Racter looks surprised. “Yes. Red and gold. You call it an aura?” He pauses thoughtfully. “I forgot — you have your own umwelt.”
She brightens. “You’re curious, aren’t you? About my reality…”
“Deeply,” Racter admits. “I suppress it, though. You know why — a rigger can’t also be a mage. Still, I wonder how you see me. Or anything else.”
Shay smiles, her excitement sparking. “This is the best part. I don’t see you at all on that plane of reality. You’re like a black well. I’ve never encountered anything like it — not even with other riggers.”
That explains why she hadn’t seemed especially shocked when he revealed his lack of Essence. Her abilities must register something else entirely.
Apparently, she has the same thought. “It’s like we’re both looking at a larger reality, but from opposite sides, isn’t it?”
“Classic yin and yang,” Racter quips. “Eat less spicy food, skip the pu-erh…”
She laughs.
“I can have pu-erh,” she protests. “It’s Gobbet and Duncan who can’t.” A pause, and her tone softens. “Thank you for telling me. I mean that.”
Then, as though emboldened by his openness, she asks with an almost unconscious coquettishness, “That woman you worked with in Berlin… Lucky Strike. Did you tell her about your mind?”

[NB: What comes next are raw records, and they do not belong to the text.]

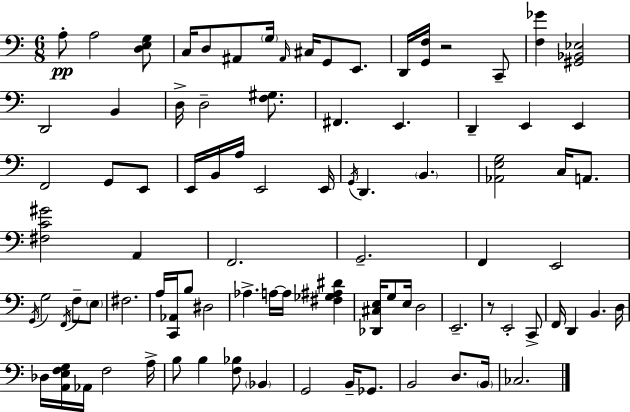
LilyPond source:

{
  \clef bass
  \numericTimeSignature
  \time 6/8
  \key a \minor
  a8-.\pp a2 <d e g>8 | c16 d8 ais,8 \parenthesize g16 \grace { ais,16 } cis16 g,8 e,8. | d,16 <g, f>16 r2 c,8-- | <f ges'>4 <gis, bes, ees>2 | \break d,2 b,4 | d16-> d2-- <f gis>8. | fis,4. e,4. | d,4-- e,4 e,4 | \break f,2 g,8 e,8 | e,16 b,16 a16 e,2 | e,16 \acciaccatura { g,16 } d,4. \parenthesize b,4. | <aes, e g>2 c16 a,8. | \break <fis c' gis'>2 a,4 | f,2. | g,2.-- | f,4 e,2 | \break \acciaccatura { g,16 } g2 \acciaccatura { f,16 } | f8-- \parenthesize e8 fis2. | a16 <c, aes,>16 b8 dis2 | aes4.-> a16~~ a16 | \break <fis ges ais dis'>4 <des, cis e>16 g8 e16 d2 | e,2.-- | r8 e,2-. | c,8-> f,16 d,4 b,4. | \break d16 des16 <a, e f g>16 aes,16 f2 | a16-> b8 b4 <f bes>8 | \parenthesize bes,4 g,2 | b,16-- ges,8. b,2 | \break d8. \parenthesize b,16 ces2. | \bar "|."
}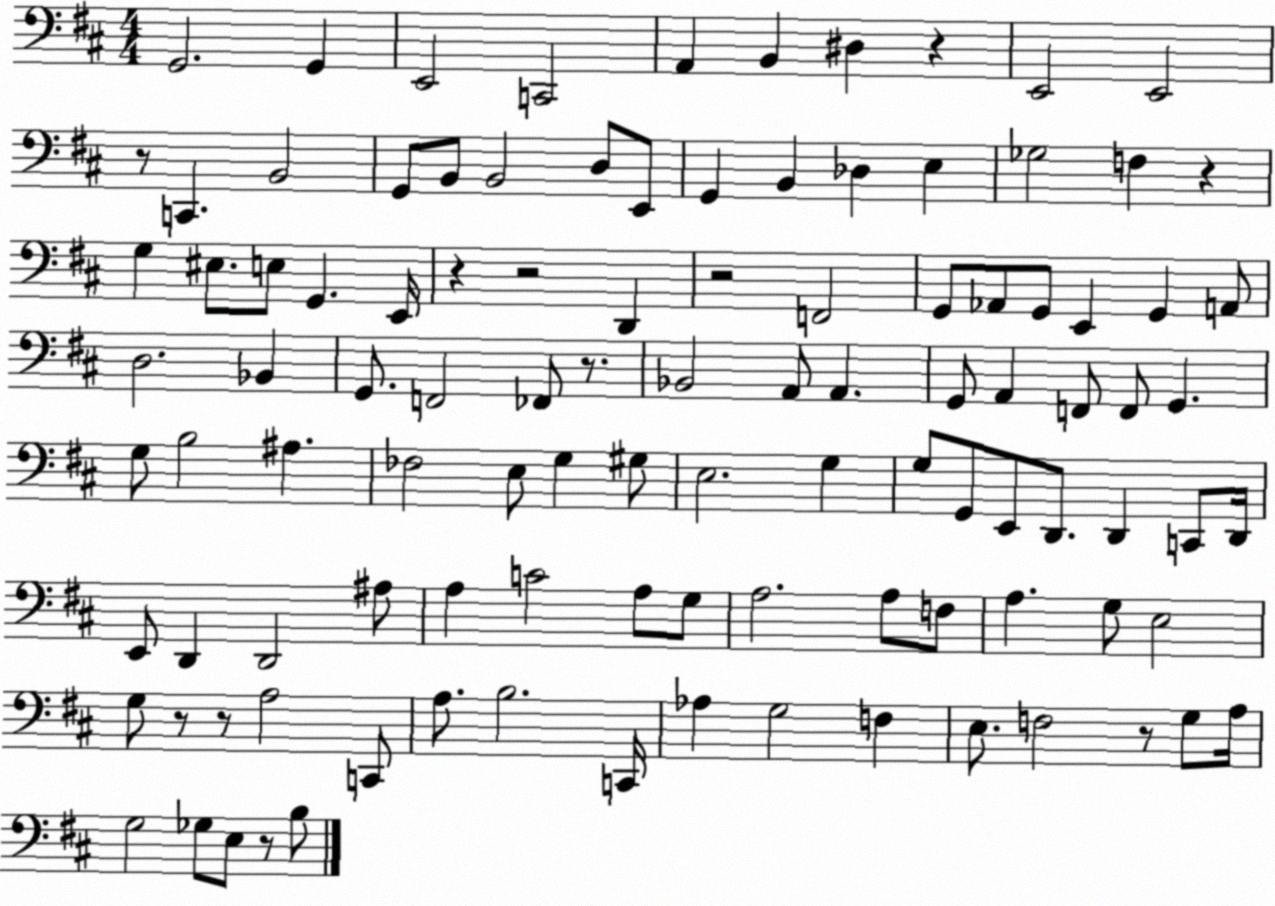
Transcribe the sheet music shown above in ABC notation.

X:1
T:Untitled
M:4/4
L:1/4
K:D
G,,2 G,, E,,2 C,,2 A,, B,, ^D, z E,,2 E,,2 z/2 C,, B,,2 G,,/2 B,,/2 B,,2 D,/2 E,,/2 G,, B,, _D, E, _G,2 F, z G, ^E,/2 E,/2 G,, E,,/4 z z2 D,, z2 F,,2 G,,/2 _A,,/2 G,,/2 E,, G,, A,,/2 D,2 _B,, G,,/2 F,,2 _F,,/2 z/2 _B,,2 A,,/2 A,, G,,/2 A,, F,,/2 F,,/2 G,, G,/2 B,2 ^A, _F,2 E,/2 G, ^G,/2 E,2 G, G,/2 G,,/2 E,,/2 D,,/2 D,, C,,/2 D,,/4 E,,/2 D,, D,,2 ^A,/2 A, C2 A,/2 G,/2 A,2 A,/2 F,/2 A, G,/2 E,2 G,/2 z/2 z/2 A,2 C,,/2 A,/2 B,2 C,,/4 _A, G,2 F, E,/2 F,2 z/2 G,/2 A,/4 G,2 _G,/2 E,/2 z/2 B,/2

“Some things,” Racter admits honestly.
A faint cloud of gray frustration stirs around Shay, tinged with the amber light of jealous curiosity. Racter can tell she’s on the verge of asking a question she doesn’t really want the answer to, so he spares her. “But I never gave her a ring.”
To his surprise, Shay reaches out suddenly and closes her damp fingers over his pale, cold ones.
“I’ll take that coat you offered,” she says. “I’m freezing.”
When they catch up with the others, three curious gazes snap to their intertwined hands. Racter hesitates — rain has long since washed the blood from his cuts, and he’s rolled up his sleeve — what are they staring at? Then he realizes: they’ve never seen him and Shay hold hands.
For that matter, they’ve never done it at all. Not until now. But that’s none of the others’ business.
Shay smiles, eyes sparkling with mischief, as if they now share some secret. They are and aren’t a couple — an ambiguity she might even find amusing for the moment.
But Racter has a sinking feeling that now, with everything laid bare, their relationship will only grow more complicated.